Review – Mahjongg Artifacts
Developer: Shape Games
Publisher: G5 Entertainment
Release Date: June 15th 2010 (Chapter 2 was available in October 2009)
Price: $4.99 | £3.99 | €4.99
Rating: Each game is rated Everyone 10+
What I liked:
- A wealth of content for a Mini
- Simple, straightforward layout
- Epic music
What I disliked:
- Menu navigation is a bit wonky
First thing’s first: This is Mahjong solitaire, a casual, classical board game in which you match tiles of the same suit or design. It’s not complex in the least, and while there exist strategies to playing the game, it’s likely that you’ll just be matching until you clear the board. That being said, Mahjongg Artifacts and Mahjongg Artifacts: Chapter 2 are very impressive simulations of Mahjong solitaire. Each game has three play modes: Play Quest, Play Classic, and Play Endless. The Quest mode takes you through an archeologist’s search for legendary artifacts. Each time he finds an artifact, he has to “prove his wisdom” or some other such malarkey in the form of playing Mahjong. The Quest is lengthy, featuring 25 boards of increasing difficulty and a wide variety of locations and tilesets to help keep things looking novel. Classic mode gives you the opportunity to choose from 99 different board layouts and 5 different tilesets. Endless mode is endless mode: You play until your vision fails and you drop the PSP or PS3 remote from exhaustion.

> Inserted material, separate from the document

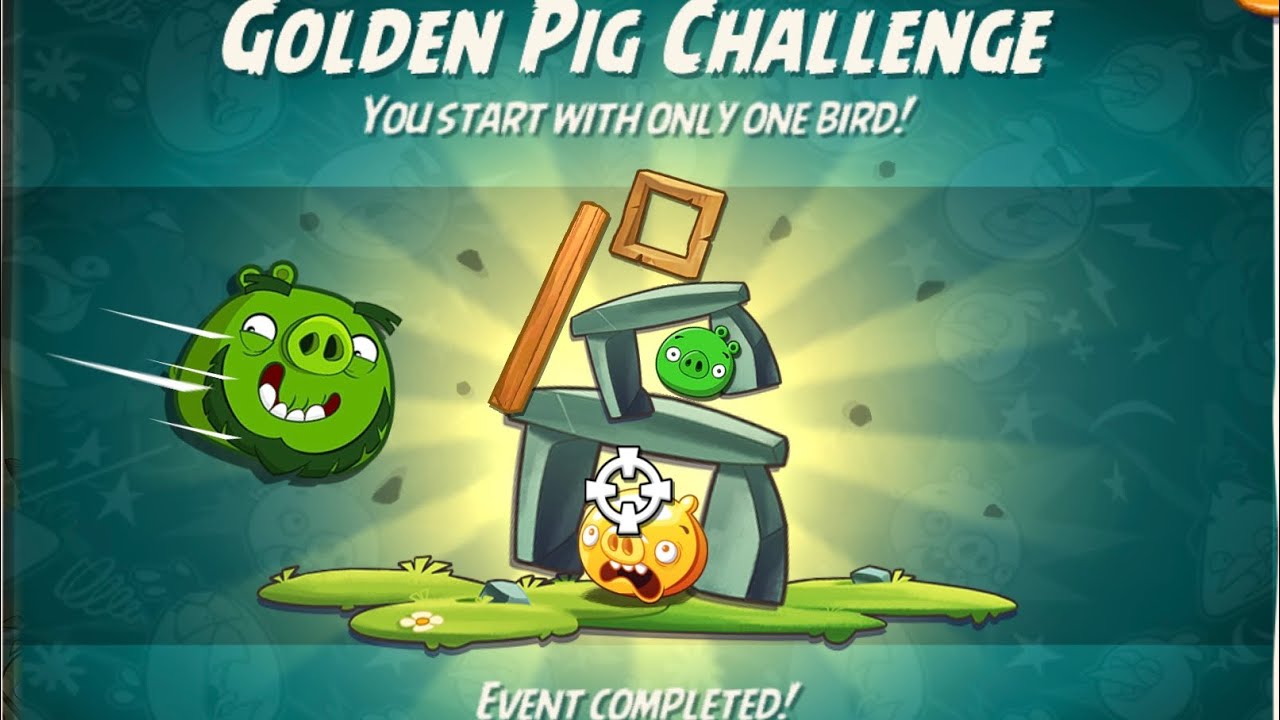 Angry Birds 2 AB2 Golden Pig Challenge - 2025/11/27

The first thing I noticed after booting up the game was the graphics. While the graphical style is undeniably casual, there are a handful of well-drawn graphic comics that unfold the story in Quest mode. It looks good on my PS3, so I can only imagine it runs smoothly on the PSP (Editors note: There is a tad bit of slowdown on the PSP). As far as gameplay goes, you match tiles by selecting one then navigating to a similar one and selecting that one. Every once in a while I had a bit of trouble navigating, but for the most part the controls are spot on. One minor gripe I had is that navigating the menus was a bit weird since you can’t press the ‘O’ button to go back. Chapter 2 has ‘O’ button support, which is bizarre considering it was released way before the prequel. There are a few different methods of zooming in on the board, allowing for a customizable visual experience. I primarily stuck with the Auto-Zoom feature, since it’s rather intuitive and kept me at a comfortable distance from the board. Words pop up on the screen if you match tiles in rapid succession. “Excellent!”, “Incredible!”, and “Perfect!” provided just the motivation I needed to keep up the matching frenzy.
The music is great. The title screen and board clear screen music are reminiscent of PuzzleQuest in the sense that it’s rather epic for a casual board game. The music during gameplay, on the other hand, is serene, which is fitting for the action-lacked tile matching. The sound effects are spot on, with clicks, clacks, and laser beam noises accompanying the tiles as they clear.
With an expansive Quest mode and a bevy of boards for Classic play and Endless fun, Mahjongg Artifacts and Mahjongg Artifacts: Chapter 2 are jam-packed with content for a Mini title. If you’re curious about Mahjong or want a small (38MB), portable Mahjong solitaire game, pick one or both of these up. Remember, though, that at the end of the day, it’s a tile matching Mini. What it does, it does well, but it’s not trying to do too much.